Among the areas that Chef Tison would like to continue to improve is how the food is delivered.

“I’ve realized that there is no difference between the hospital patient and a hotel customer,” Chef Tison said. “The food you provide them needs to be done with the same attention, same style, the same refinement that you would do in a hotel.”

So, if you watch a Northwell food and nutrition person delivering a patient’s food, you should notice their crisp, clean uniforms and friendly and welcoming demeanor. Chef Tison is working toward having all hospital food delivered by food and nutrition personnel rather than a member of the nursing staff.

“We still have a lot of hospitals where our food is being served by nursing services,” Chef Tison said. “And there is a big debate about, it should not be their work and they should not be handling the food… At the end of the day, when you look at the job of a nurse, if he/she has an emergency and needs to give some care to a patient, if the food is being delivered, how has it been delivered? The food is going to wait. You know, the patient’s life or care is more important than the food. And that’s why I would like to transfer all the food to be served by food and nutrition, not by assistant nurses.”

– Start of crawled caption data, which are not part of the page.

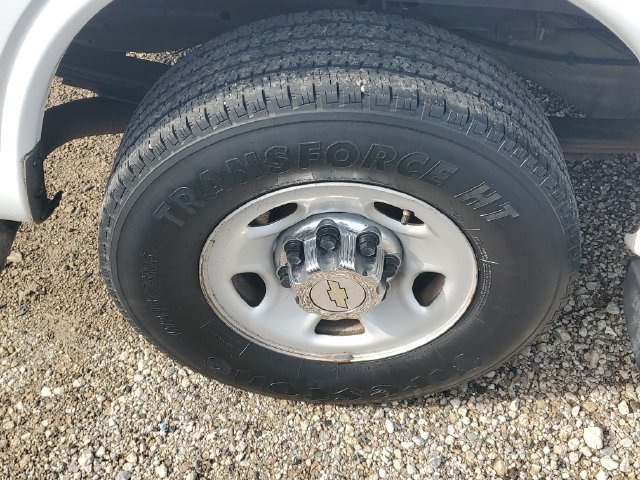 Used 2015 Chevrolet Express 2500 LT w/ LT Preferred Equipment Group RWD image 5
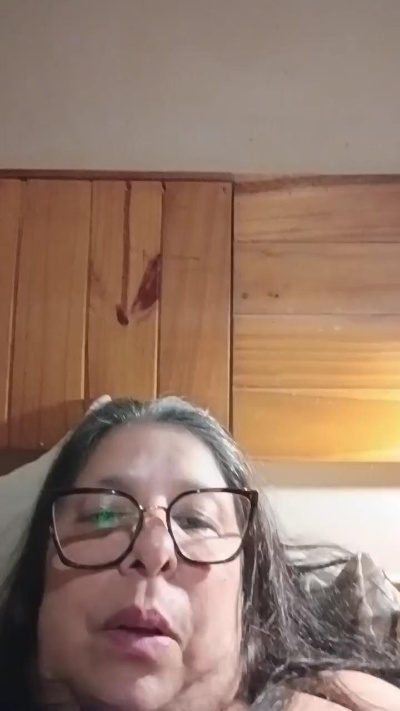 nerea1 live cam on Cam4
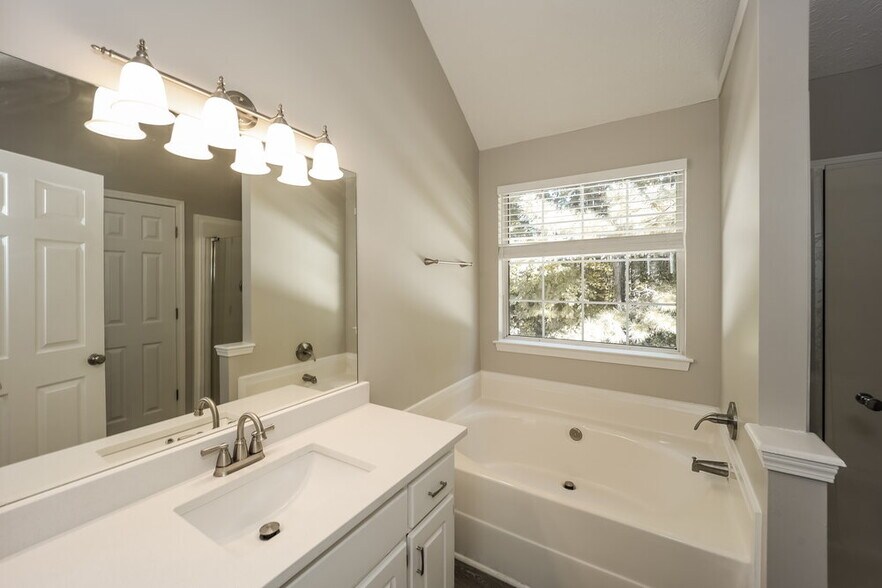 Building Photo - 7196 Williamsburg Dr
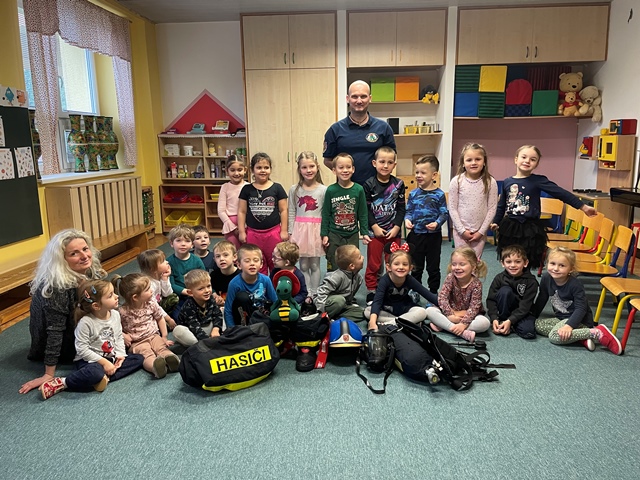 E5A5BD31-1176-4513-B2C9-1AE035E5C37E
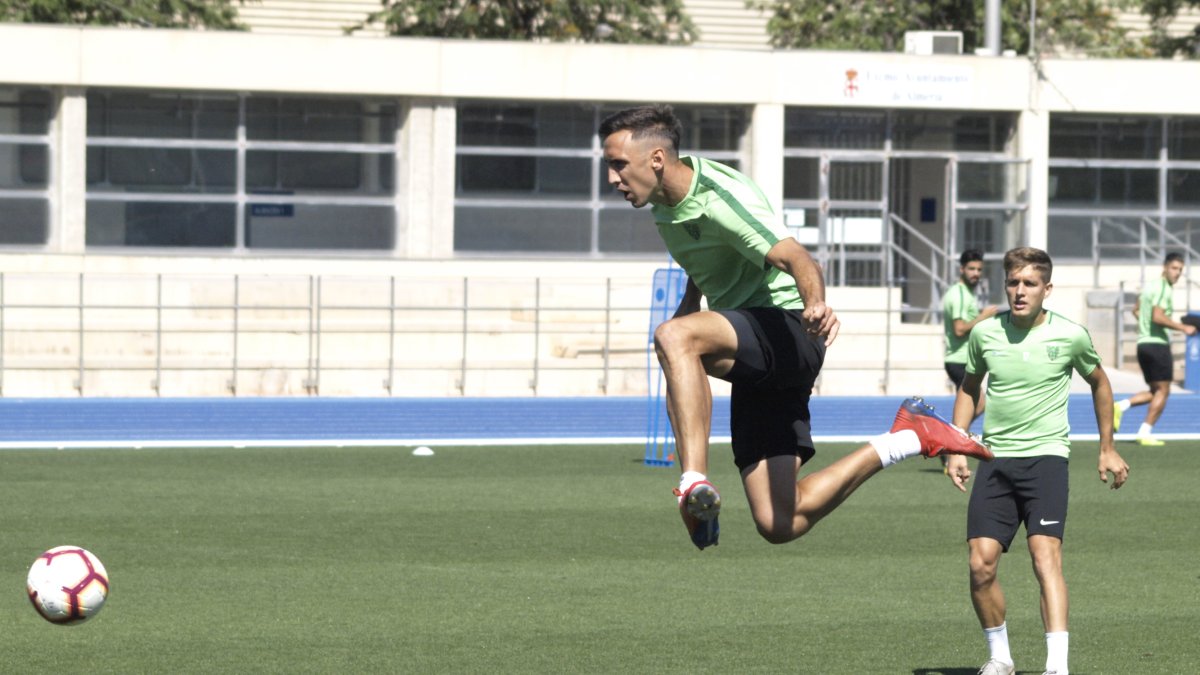 Pablo Caballero remata a puerta en el entrenamiento.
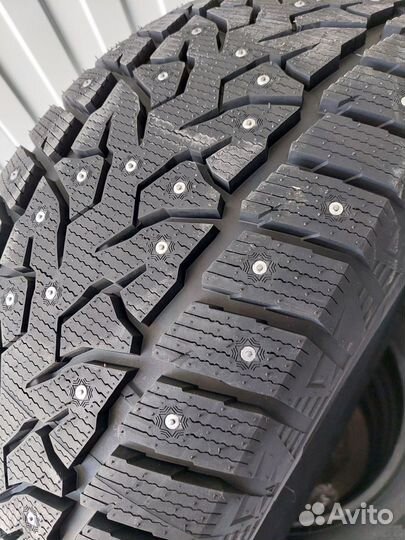 Aplus A703 285/60 R18 116T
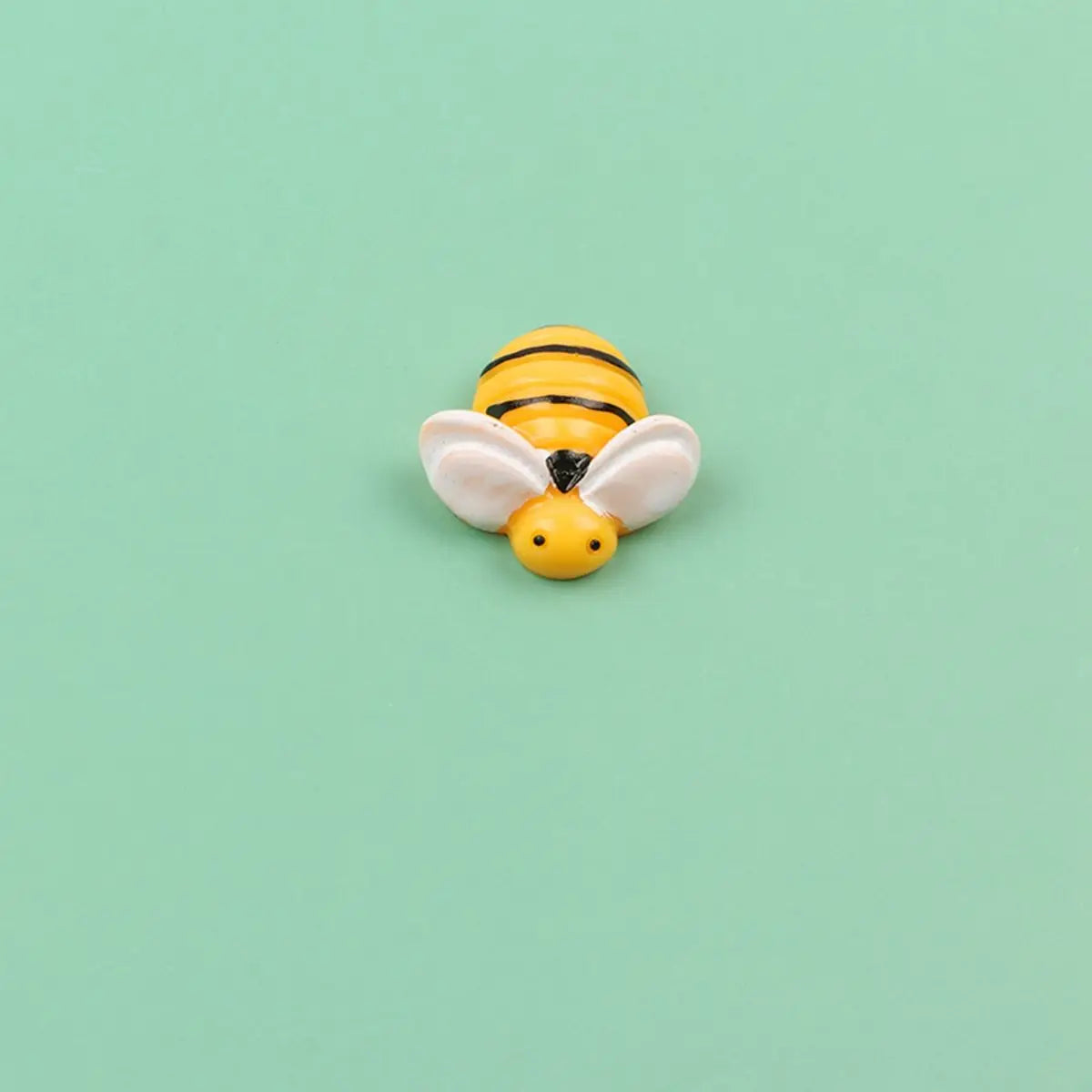 20Pcs/lot Kawaii Mini Bee Miniature Figurines Flatback DIY Craft Gnome Moss Terrarium Bonsai Decor Fairy Garden Supplies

Chef Tison is certainly going to be busy in the coming months. In addition to his efforts to help Northwell achieve the 90th percentile, the health system just merged with Nuvance Health, adding seven more hospitals to Northwell’s growing healthcare empire. That group of hospitals outsourced its food preparation.

Between its 80,000 staff and 5,000 beds across its hospitals – and that’s not counting the Nuvance addition — Northwell is serving more than 10 million meals a year.

“We purchase $55 million of food every year,” Chef Tison explained. “If we would be a hotel company purchasing $55 million of food per year at a 25% food cost, we would be a $220 million business.”

Northwell is changing the perception of hospital food one step at a time and making a sizable impact on patients all the while.